-- SOURCE MATERIAL follows --
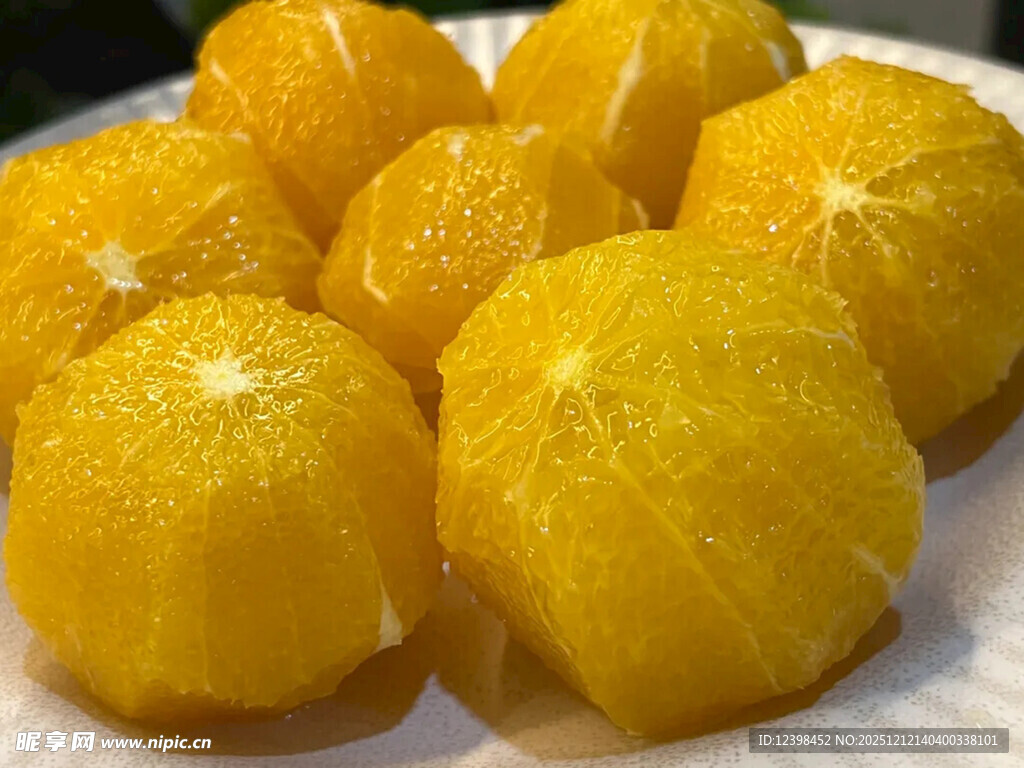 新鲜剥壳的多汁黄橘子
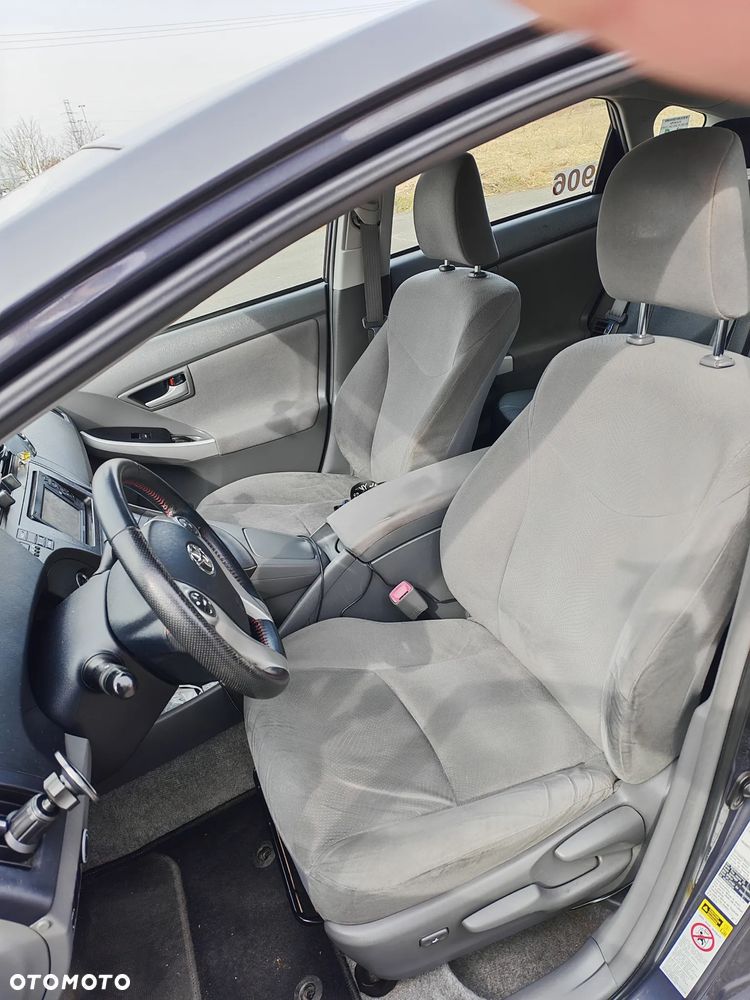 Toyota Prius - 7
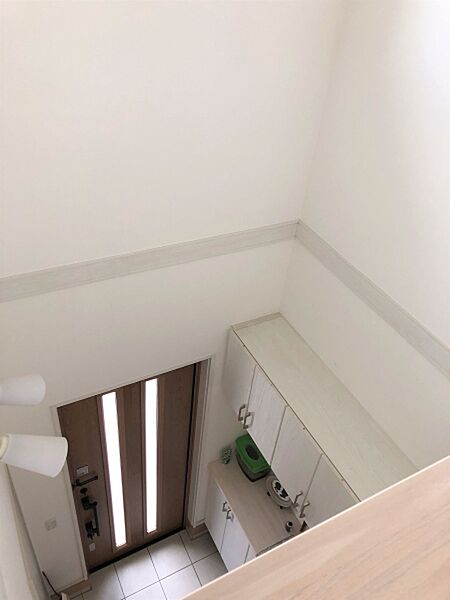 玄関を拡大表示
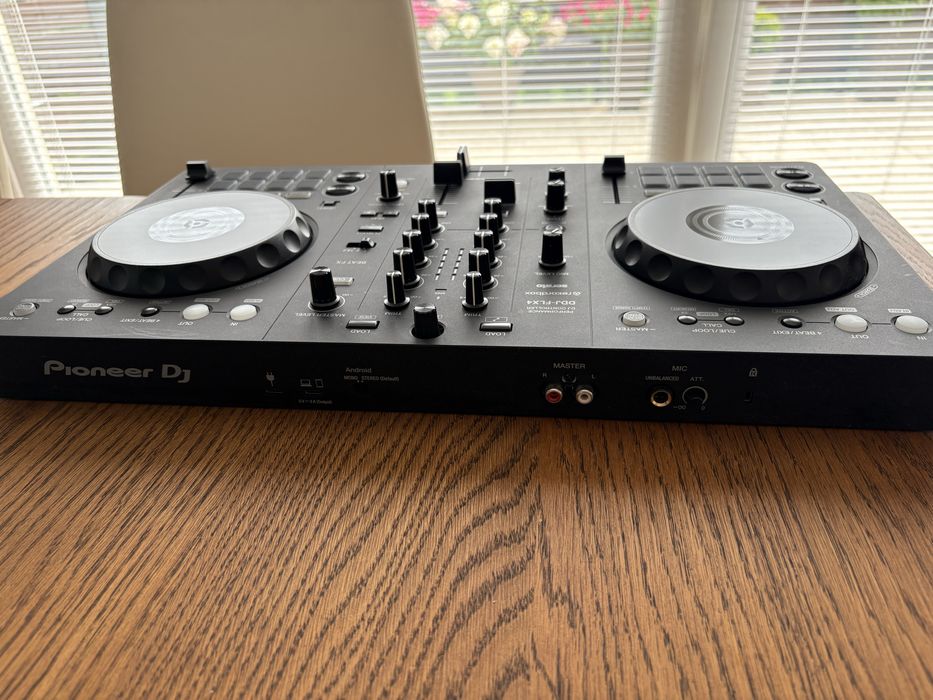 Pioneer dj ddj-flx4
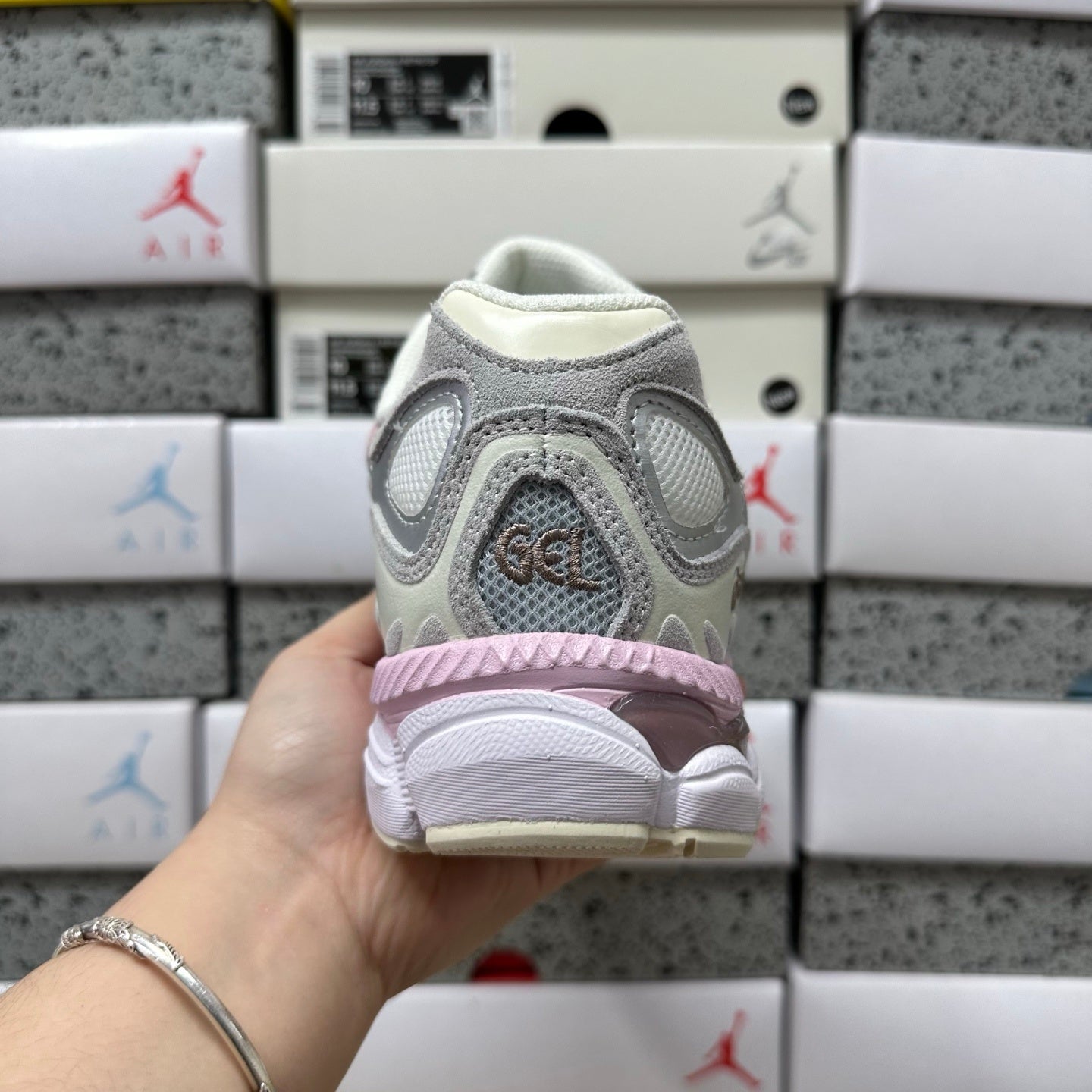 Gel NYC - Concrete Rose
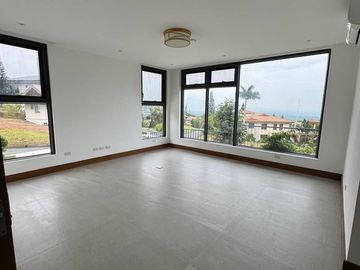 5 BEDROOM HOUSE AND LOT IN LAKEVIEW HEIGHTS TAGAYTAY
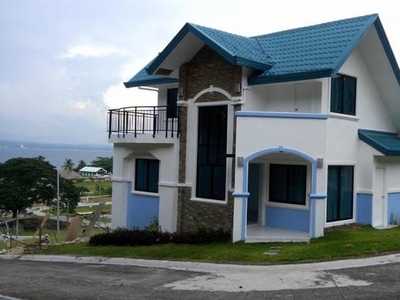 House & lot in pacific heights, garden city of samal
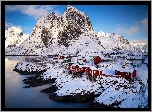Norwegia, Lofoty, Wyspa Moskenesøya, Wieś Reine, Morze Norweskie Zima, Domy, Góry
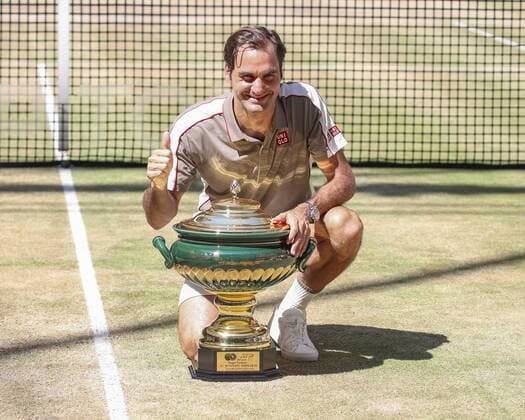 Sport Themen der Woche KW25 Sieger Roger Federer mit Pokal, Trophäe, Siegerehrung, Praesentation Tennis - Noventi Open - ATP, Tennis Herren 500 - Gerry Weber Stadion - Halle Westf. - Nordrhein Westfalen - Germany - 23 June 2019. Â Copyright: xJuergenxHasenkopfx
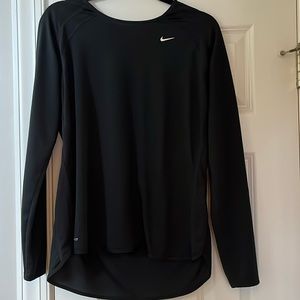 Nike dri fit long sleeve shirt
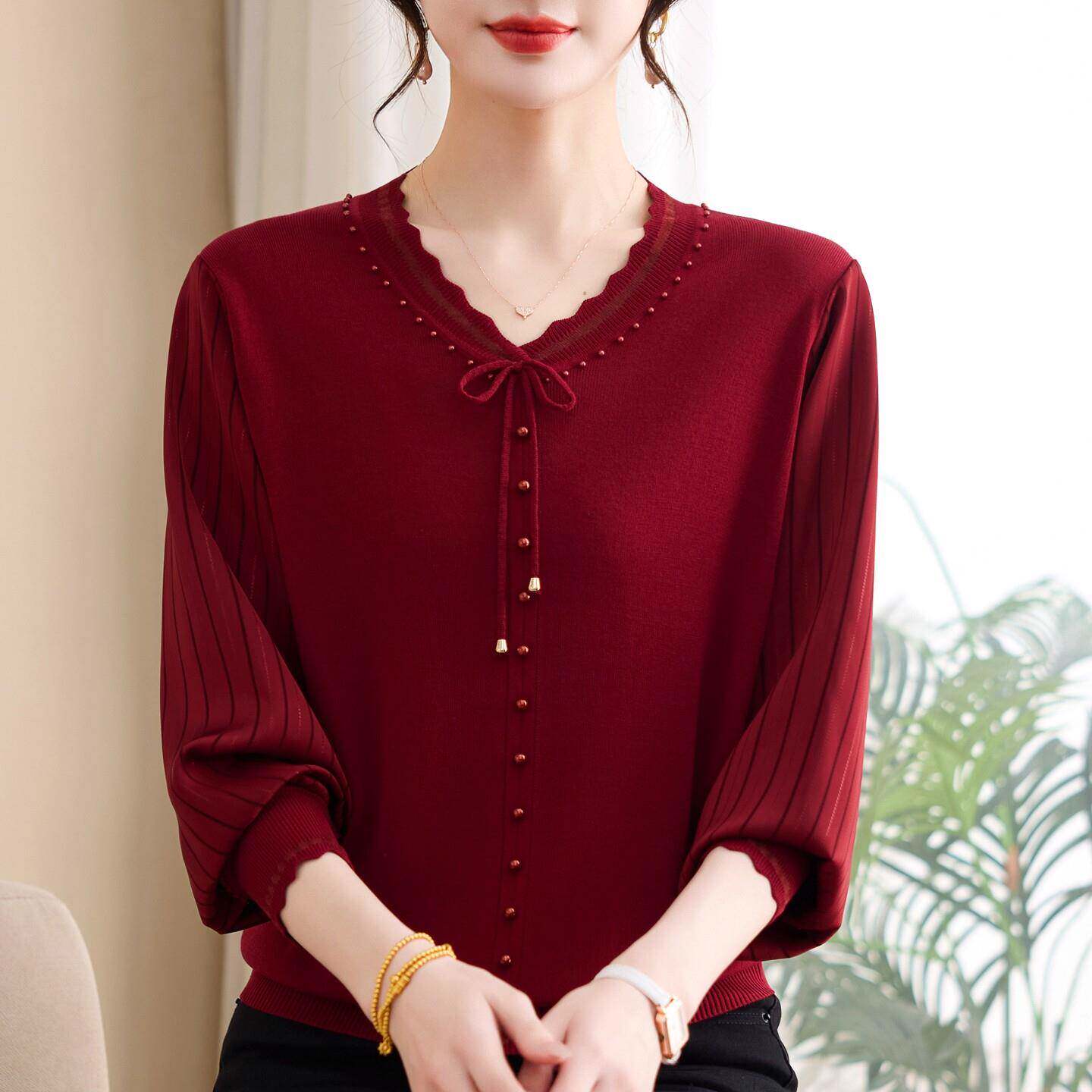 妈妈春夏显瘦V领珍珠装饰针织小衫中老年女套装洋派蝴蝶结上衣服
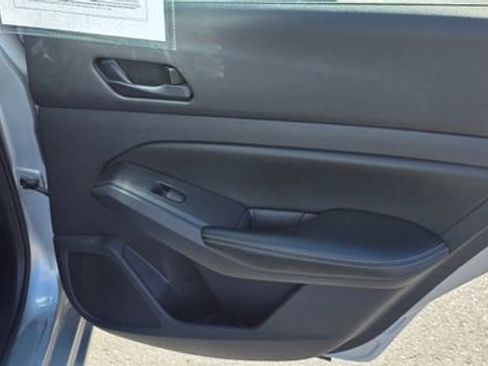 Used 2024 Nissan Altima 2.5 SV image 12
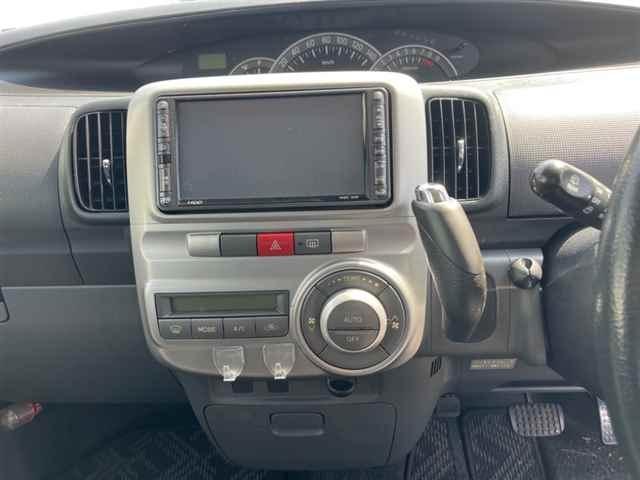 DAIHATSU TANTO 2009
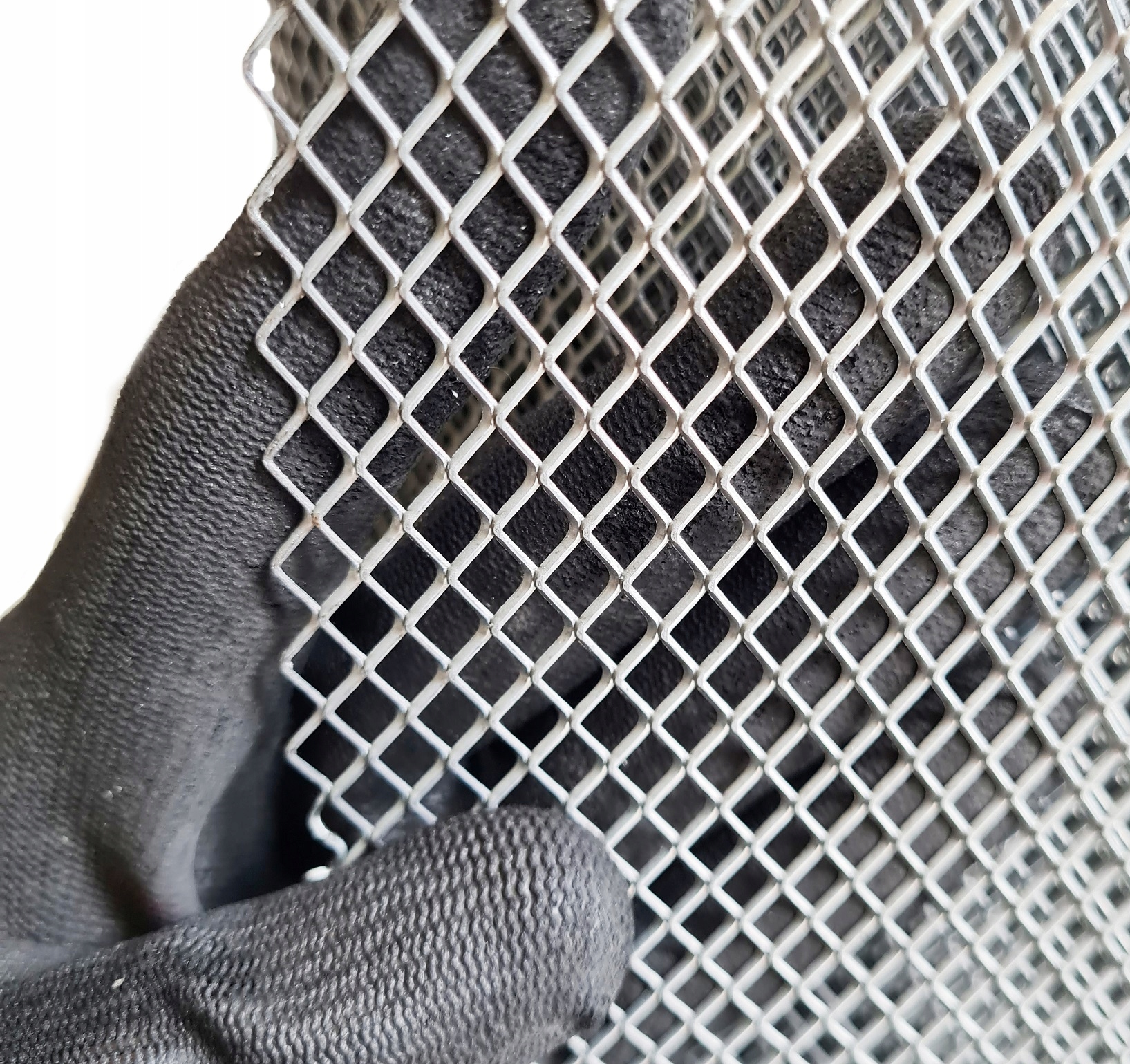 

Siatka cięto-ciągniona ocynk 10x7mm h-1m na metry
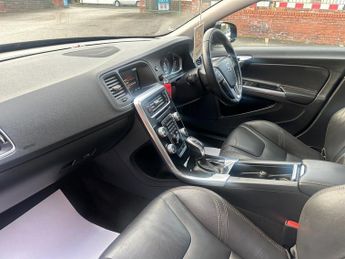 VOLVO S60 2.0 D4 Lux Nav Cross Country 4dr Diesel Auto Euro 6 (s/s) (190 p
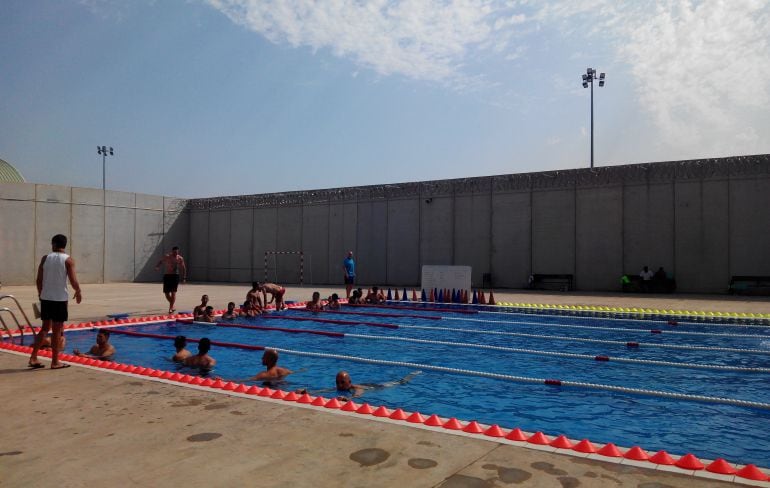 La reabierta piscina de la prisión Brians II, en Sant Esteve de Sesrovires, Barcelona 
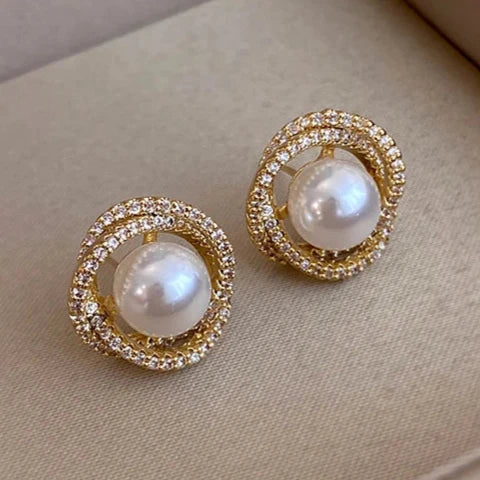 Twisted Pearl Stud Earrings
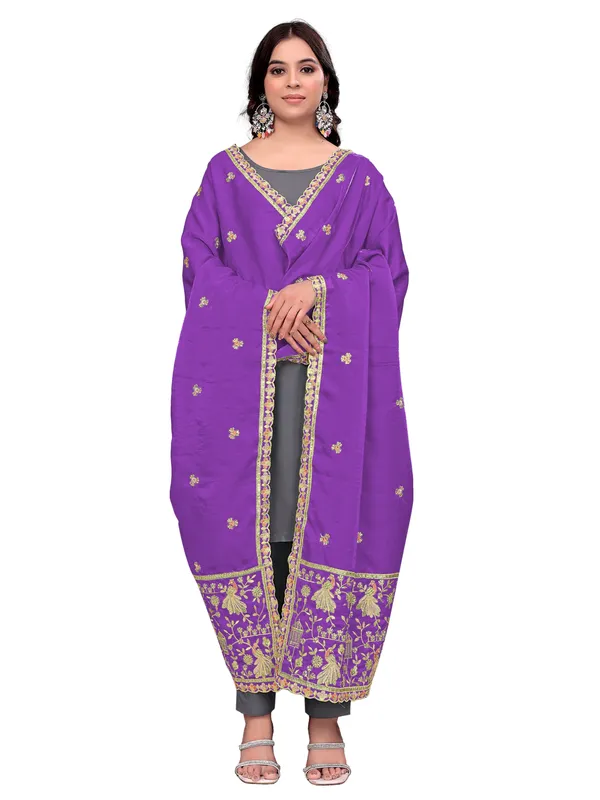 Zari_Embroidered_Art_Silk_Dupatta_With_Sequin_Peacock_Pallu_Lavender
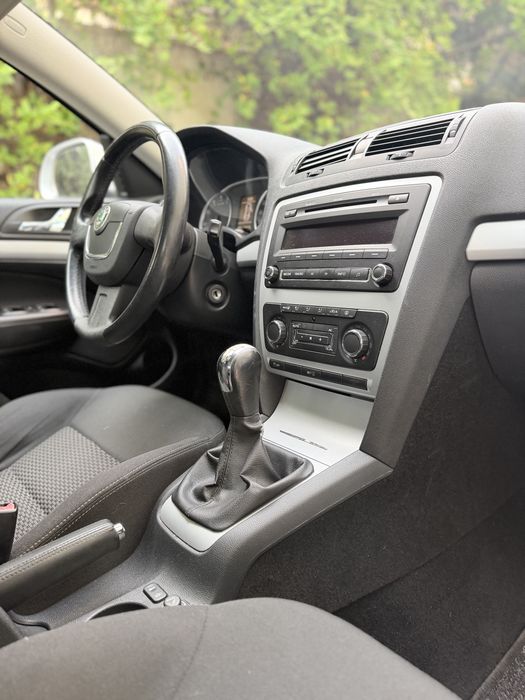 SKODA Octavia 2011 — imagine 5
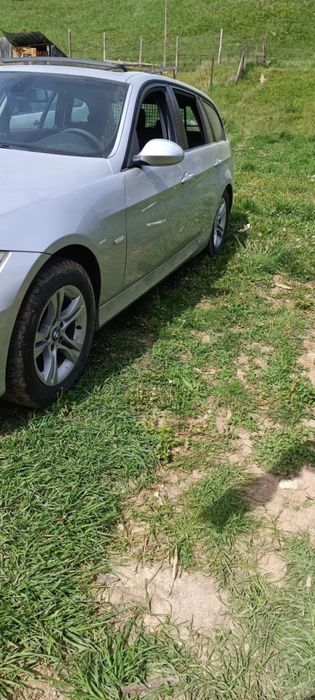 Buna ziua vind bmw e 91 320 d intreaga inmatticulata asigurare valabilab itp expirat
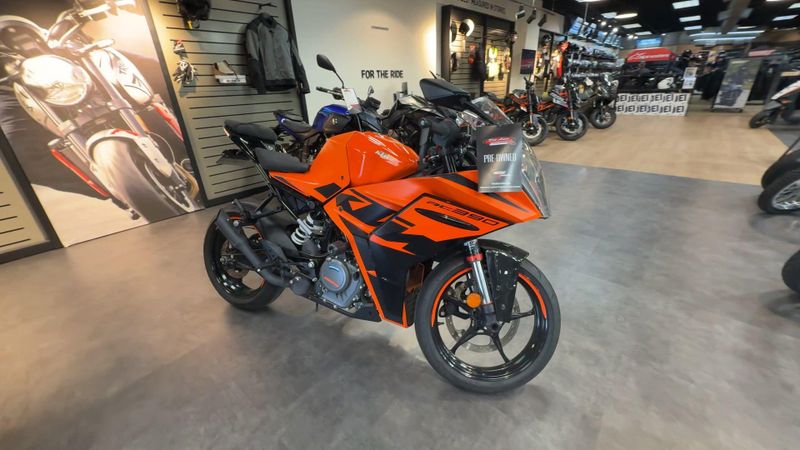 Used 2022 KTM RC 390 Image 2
-- SOURCE MATERIAL concluded --
--- REQUIRED ACTION ---
The expected output is the lines above from the one containing "Toyota Prius - 7" to the one containing "Twisted Pearl Stud Earrings", both ends included, reproduced exactly with every picture left out.

--- RESPONSE AREA ---
 Toyota Prius - 7
 玄関を拡大表示
 Pioneer dj ddj-flx4
 Gel NYC - Concrete Rose
 5 BEDROOM HOUSE AND LOT IN LAKEVIEW HEIGHTS TAGAYTAY
 House & lot in pacific heights, garden city of samal
Norwegia, Lofoty, Wyspa Moskenesøya, Wieś Reine, Morze Norweskie Zima, Domy, Góry
 Sport Themen der Woche KW25 Sieger Roger Federer mit Pokal, Trophäe, Siegerehrung, Praesentation Tennis - Noventi Open - ATP, Tennis Herren 500 - Gerry Weber Stadion - Halle Westf. - Nordrhein Westfalen - Germany - 23 June 2019. Â Copyright: xJuergenxHasenkopfx
 Nike dri fit long sleeve shirt
 妈妈春夏显瘦V领珍珠装饰针织小衫中老年女套装洋派蝴蝶结上衣服
 Used 2024 Nissan Altima 2.5 SV image 12
 DAIHATSU TANTO 2009

Siatka cięto-ciągniona ocynk 10x7mm h-1m na metry
 VOLVO S60 2.0 D4 Lux Nav Cross Country 4dr Diesel Auto Euro 6 (s/s) (190 p
 La reabierta piscina de la prisión Brians II, en Sant Esteve de Sesrovires, Barcelona 
 Twisted Pearl Stud Earrings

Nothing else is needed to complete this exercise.